Views and reports offer an incredibly flexible way to filter, group by and analyze your portfolio data. You can select from our wealth of built-in attributes (including a vast library of performance metrics and financial analytics), or build your own using custom attributes. Attributes and views are highly configurable and can be combined in creative ways to produce many different types of analysis.

Unfortunately, this flexibility can come with unpredictable performance at the largest enterprise scales. Our architecture is built to optimize, manage and efficiently execute the portfolio queries behind views and reports, but the work of these systems does not translate in an obvious way to end users. Sometimes, seemingly insignificant configuration changes can impact view runtime by an order of magnitude. Attribute runtime can vary considerably, and it can be hard to know for users where time is being spent. Additionally, total view runtime generally scales proportionally with data size, but the precise data sizes being processed within a view may not be clear.

In this post, we will briefly describe the execution model of portfolio queries to provide some intuition about their runtime. Additionally, we are excited to introduce existing and planned infrastructure and API features that will allow for more performant and predictable view execution, as well as providing increased transparency into query execution itself. These transparency features are analogous to a MySQL Explain of our underlying portfolio queries, because oftentimes the best way to debug query performance is to transparently look into its execution. We emphasize that the SQL query comparisons are only an analogy; execution is actually performed by our calculation subsystem which is not a DBMS. 
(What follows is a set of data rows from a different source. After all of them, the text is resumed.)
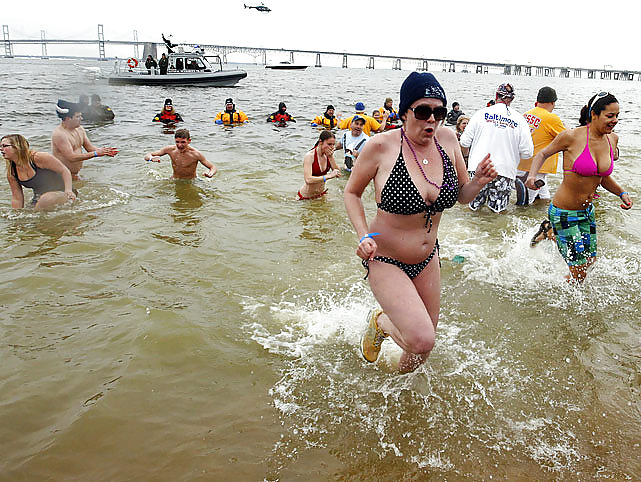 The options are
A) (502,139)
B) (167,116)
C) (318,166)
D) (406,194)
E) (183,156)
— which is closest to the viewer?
(406,194)

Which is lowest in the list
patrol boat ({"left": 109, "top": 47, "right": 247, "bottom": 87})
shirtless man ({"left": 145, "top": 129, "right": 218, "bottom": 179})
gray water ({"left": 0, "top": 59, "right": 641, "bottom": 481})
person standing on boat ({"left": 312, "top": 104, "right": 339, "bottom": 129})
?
gray water ({"left": 0, "top": 59, "right": 641, "bottom": 481})

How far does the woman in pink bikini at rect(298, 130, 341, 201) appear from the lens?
8086 millimetres

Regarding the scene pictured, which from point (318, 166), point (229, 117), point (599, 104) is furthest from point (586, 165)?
point (229, 117)

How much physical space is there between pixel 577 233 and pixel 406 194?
2.62m

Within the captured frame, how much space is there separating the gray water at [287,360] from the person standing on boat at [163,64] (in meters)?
29.4

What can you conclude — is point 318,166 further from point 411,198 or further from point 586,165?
point 411,198

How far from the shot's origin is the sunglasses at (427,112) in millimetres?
2707

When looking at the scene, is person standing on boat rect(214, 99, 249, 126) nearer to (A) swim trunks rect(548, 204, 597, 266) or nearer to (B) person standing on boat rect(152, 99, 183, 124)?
(B) person standing on boat rect(152, 99, 183, 124)

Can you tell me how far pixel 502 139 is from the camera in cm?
724

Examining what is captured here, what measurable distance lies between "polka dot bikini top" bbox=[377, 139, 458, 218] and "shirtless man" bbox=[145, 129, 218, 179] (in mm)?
6245

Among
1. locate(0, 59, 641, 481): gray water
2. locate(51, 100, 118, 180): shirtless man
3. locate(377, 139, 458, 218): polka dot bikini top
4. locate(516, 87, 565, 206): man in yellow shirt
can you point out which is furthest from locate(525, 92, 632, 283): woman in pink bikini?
locate(51, 100, 118, 180): shirtless man

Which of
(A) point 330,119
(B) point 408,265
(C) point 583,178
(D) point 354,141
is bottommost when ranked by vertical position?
(B) point 408,265

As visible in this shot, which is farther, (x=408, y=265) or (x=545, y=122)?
(x=545, y=122)

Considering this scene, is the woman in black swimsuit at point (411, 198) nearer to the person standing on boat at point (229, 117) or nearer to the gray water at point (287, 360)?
the gray water at point (287, 360) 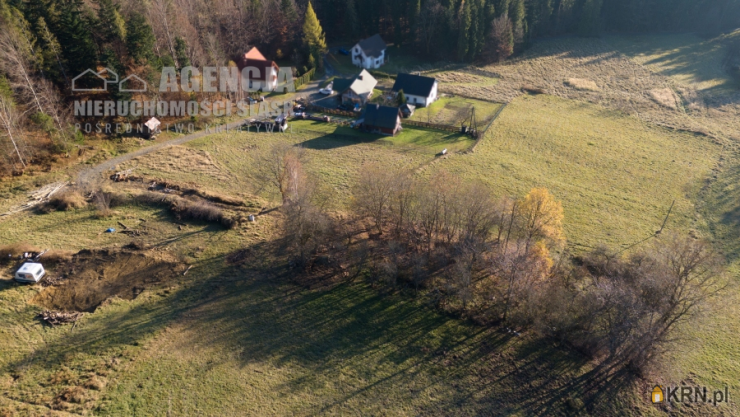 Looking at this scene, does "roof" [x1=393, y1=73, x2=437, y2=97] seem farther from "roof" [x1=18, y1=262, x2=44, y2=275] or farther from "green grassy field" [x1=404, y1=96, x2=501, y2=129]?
"roof" [x1=18, y1=262, x2=44, y2=275]

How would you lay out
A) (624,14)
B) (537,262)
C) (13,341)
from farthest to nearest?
(624,14) → (537,262) → (13,341)

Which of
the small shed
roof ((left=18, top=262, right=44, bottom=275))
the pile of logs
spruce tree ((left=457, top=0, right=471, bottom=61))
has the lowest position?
the pile of logs

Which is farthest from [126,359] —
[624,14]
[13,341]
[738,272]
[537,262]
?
[624,14]

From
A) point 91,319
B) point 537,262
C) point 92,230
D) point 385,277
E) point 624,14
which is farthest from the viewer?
point 624,14

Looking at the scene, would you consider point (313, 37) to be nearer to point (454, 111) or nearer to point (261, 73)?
point (261, 73)

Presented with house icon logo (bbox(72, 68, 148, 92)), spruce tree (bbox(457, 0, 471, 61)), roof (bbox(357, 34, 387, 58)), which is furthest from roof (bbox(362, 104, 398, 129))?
spruce tree (bbox(457, 0, 471, 61))

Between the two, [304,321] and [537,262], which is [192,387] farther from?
[537,262] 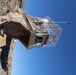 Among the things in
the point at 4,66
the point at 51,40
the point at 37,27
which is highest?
the point at 37,27

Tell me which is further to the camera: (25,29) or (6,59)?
(6,59)

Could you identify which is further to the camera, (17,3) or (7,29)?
(17,3)

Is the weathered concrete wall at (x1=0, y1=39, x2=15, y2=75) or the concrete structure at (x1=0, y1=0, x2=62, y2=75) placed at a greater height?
the concrete structure at (x1=0, y1=0, x2=62, y2=75)

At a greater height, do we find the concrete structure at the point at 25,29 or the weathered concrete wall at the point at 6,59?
the concrete structure at the point at 25,29

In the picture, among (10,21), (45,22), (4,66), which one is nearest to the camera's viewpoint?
(10,21)

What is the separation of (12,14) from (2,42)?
310cm

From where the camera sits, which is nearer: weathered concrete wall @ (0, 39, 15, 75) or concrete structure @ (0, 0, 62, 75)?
concrete structure @ (0, 0, 62, 75)

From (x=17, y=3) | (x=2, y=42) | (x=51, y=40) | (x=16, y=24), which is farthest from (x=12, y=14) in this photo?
(x=17, y=3)

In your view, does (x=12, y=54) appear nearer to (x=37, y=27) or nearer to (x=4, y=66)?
(x=4, y=66)

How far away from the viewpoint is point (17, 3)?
35000 millimetres

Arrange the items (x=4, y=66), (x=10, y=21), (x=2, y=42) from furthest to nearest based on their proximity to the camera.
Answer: (x=4, y=66) < (x=2, y=42) < (x=10, y=21)

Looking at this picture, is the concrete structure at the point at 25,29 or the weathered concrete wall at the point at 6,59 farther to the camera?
the weathered concrete wall at the point at 6,59

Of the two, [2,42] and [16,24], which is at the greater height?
[16,24]

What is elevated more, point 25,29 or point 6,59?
point 25,29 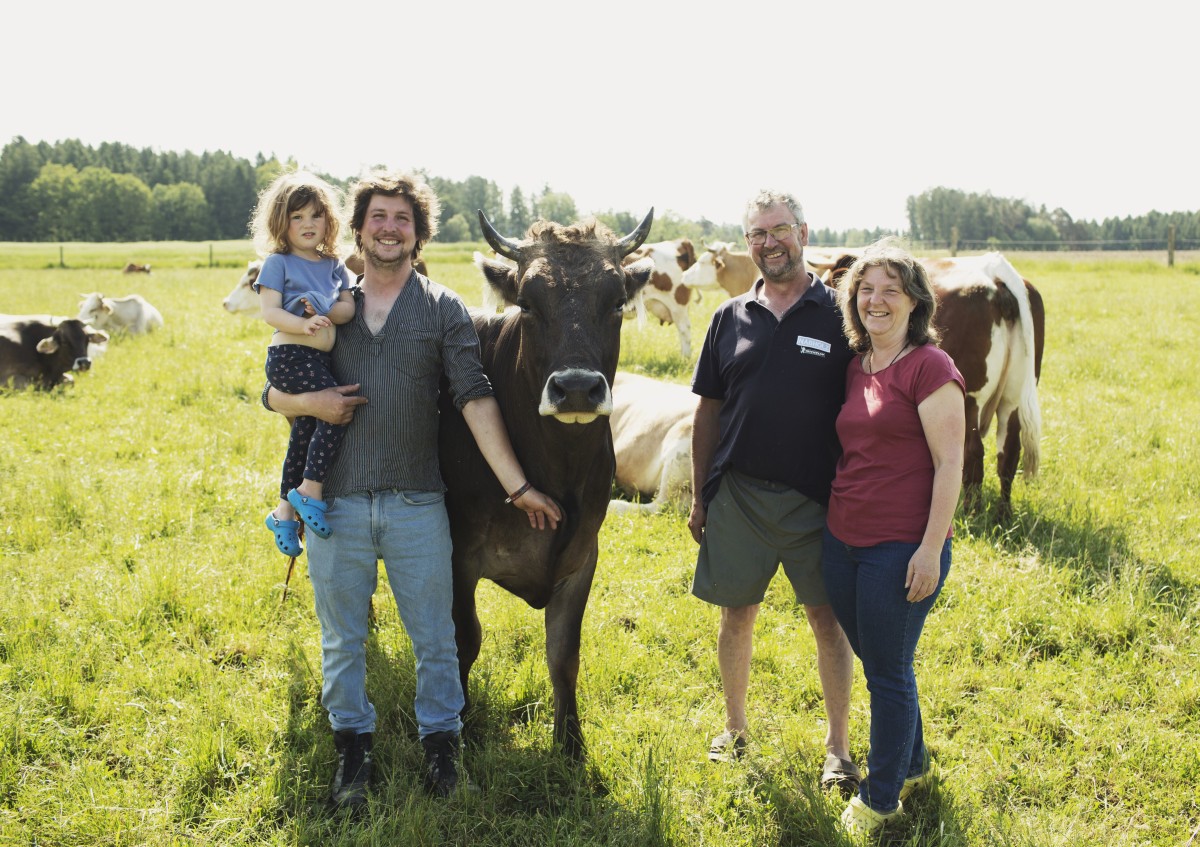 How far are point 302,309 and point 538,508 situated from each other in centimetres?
130

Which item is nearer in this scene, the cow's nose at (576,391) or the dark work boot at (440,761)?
the cow's nose at (576,391)

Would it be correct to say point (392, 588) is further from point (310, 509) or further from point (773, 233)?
point (773, 233)

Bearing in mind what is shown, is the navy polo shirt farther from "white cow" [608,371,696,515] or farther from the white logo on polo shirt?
"white cow" [608,371,696,515]

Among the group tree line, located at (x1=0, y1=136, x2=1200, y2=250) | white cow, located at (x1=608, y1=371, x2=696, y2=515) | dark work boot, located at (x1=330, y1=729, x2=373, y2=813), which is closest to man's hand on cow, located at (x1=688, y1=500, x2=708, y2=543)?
dark work boot, located at (x1=330, y1=729, x2=373, y2=813)

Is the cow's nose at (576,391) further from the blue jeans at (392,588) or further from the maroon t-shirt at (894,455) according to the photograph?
the maroon t-shirt at (894,455)

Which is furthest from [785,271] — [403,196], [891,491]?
[403,196]

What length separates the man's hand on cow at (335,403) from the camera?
10.4ft

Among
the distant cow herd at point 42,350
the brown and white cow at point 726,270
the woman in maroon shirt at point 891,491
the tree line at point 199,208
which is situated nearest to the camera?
the woman in maroon shirt at point 891,491

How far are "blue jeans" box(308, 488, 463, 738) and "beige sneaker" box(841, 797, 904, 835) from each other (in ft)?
5.59

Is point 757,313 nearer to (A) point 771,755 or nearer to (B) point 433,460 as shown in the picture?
(B) point 433,460

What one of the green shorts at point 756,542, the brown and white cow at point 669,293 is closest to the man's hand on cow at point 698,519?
the green shorts at point 756,542

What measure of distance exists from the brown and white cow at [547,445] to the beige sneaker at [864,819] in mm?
1248

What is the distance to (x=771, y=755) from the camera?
12.5 ft

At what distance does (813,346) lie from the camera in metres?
3.36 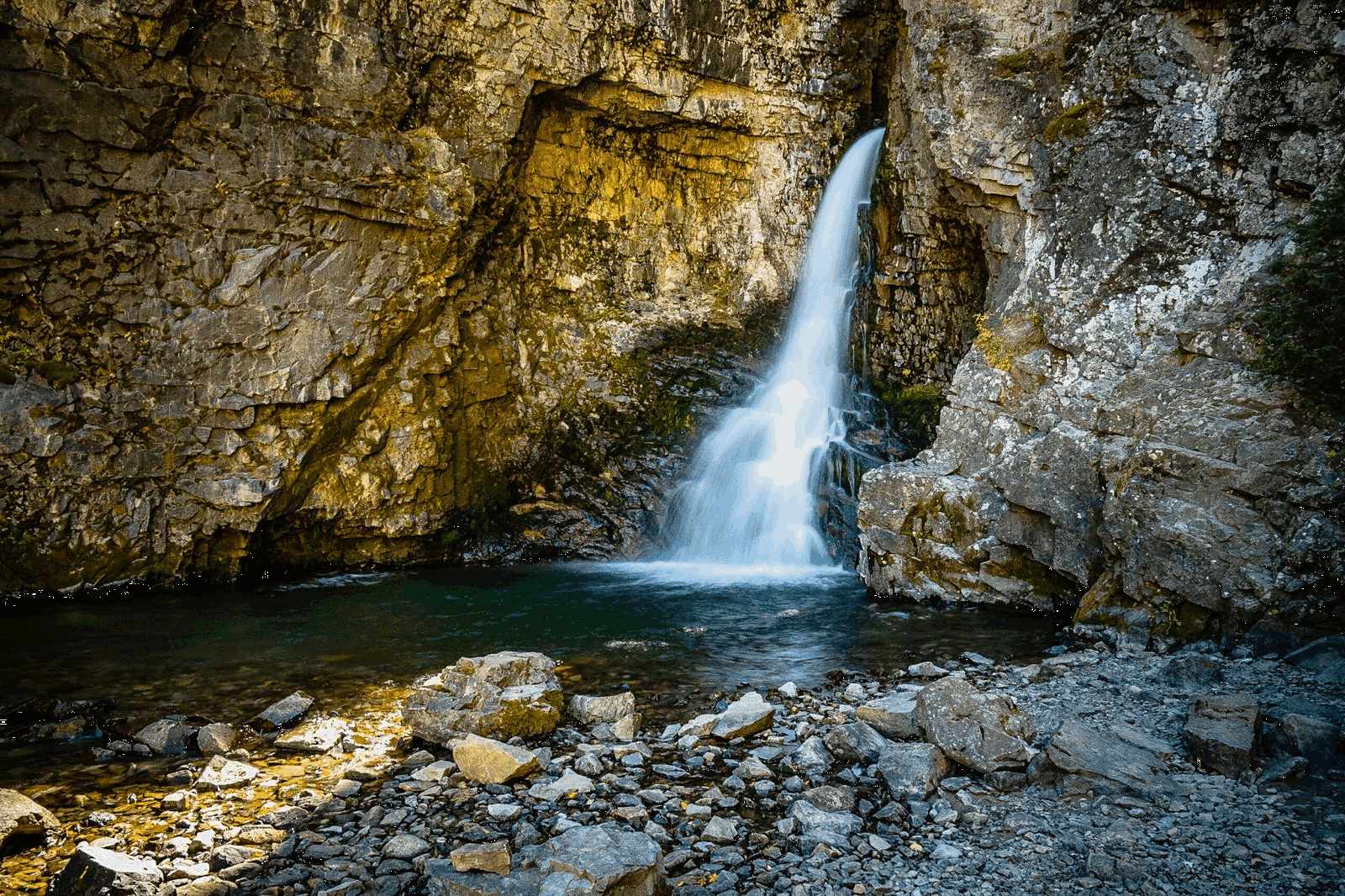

This post will be of most interest to developers and technical staff at enterprise firms who are looking to build ETL and workflows to analyze data on our platform, but should also be generally interesting to those who are curious about fintech, computation or API design.

Portfolio Query Execution Model

We find that an SQL analogy works well to describe the execution of portfolio queries. Views and reports, and their underlying portfolio queries, each contain a set of filtering, grouping and column attributes. These attributes are executed against “rows” of portfolio data known as paths that are generated from the Financial Graph. The execution sequence is as follows:

  1. Graph Walk - Traverse the financial graph associated with the selected portfolio and generate all unique ownership paths in the graph (see Figure 1). These paths reflect each position in the portfolio and its ownership information, and are equivalent to rows in the SQL analogy.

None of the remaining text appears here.